→ TASK ITEM: Exact reproduction is required for the lines below starting at the line with "A cute Japanese" and ending at the line with "切碎的木柴堆柴堆季节生长生态活力森林木工人木材林业树干图片", both included. No other lines, and no pictures.

→ DATASET CONTENT:
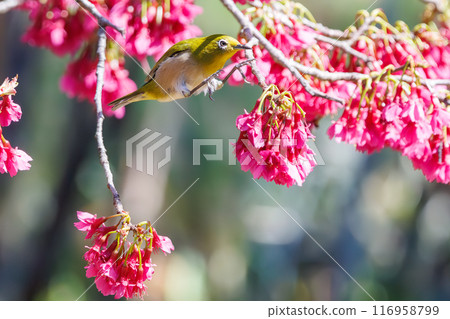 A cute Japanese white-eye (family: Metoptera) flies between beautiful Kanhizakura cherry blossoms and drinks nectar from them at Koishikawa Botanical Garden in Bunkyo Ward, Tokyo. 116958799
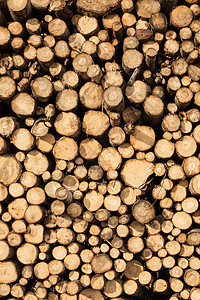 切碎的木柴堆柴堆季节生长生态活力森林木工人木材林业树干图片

---

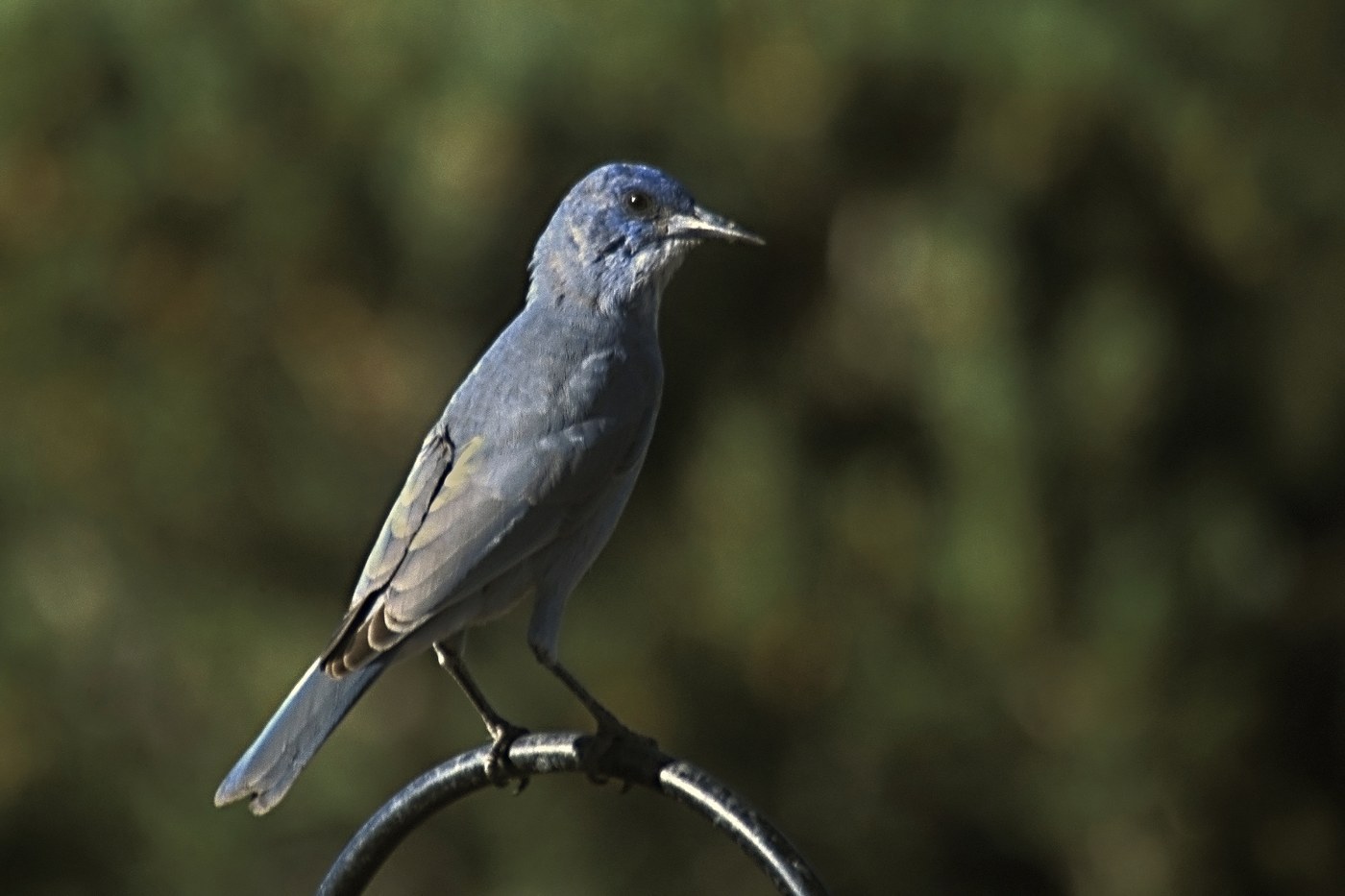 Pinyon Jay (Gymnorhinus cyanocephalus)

→ THE COMPLETED TASK:
 A cute Japanese white-eye (family: Metoptera) flies between beautiful Kanhizakura cherry blossoms and drinks nectar from them at Koishikawa Botanical Garden in Bunkyo Ward, Tokyo. 116958799
 切碎的木柴堆柴堆季节生长生态活力森林木工人木材林业树干图片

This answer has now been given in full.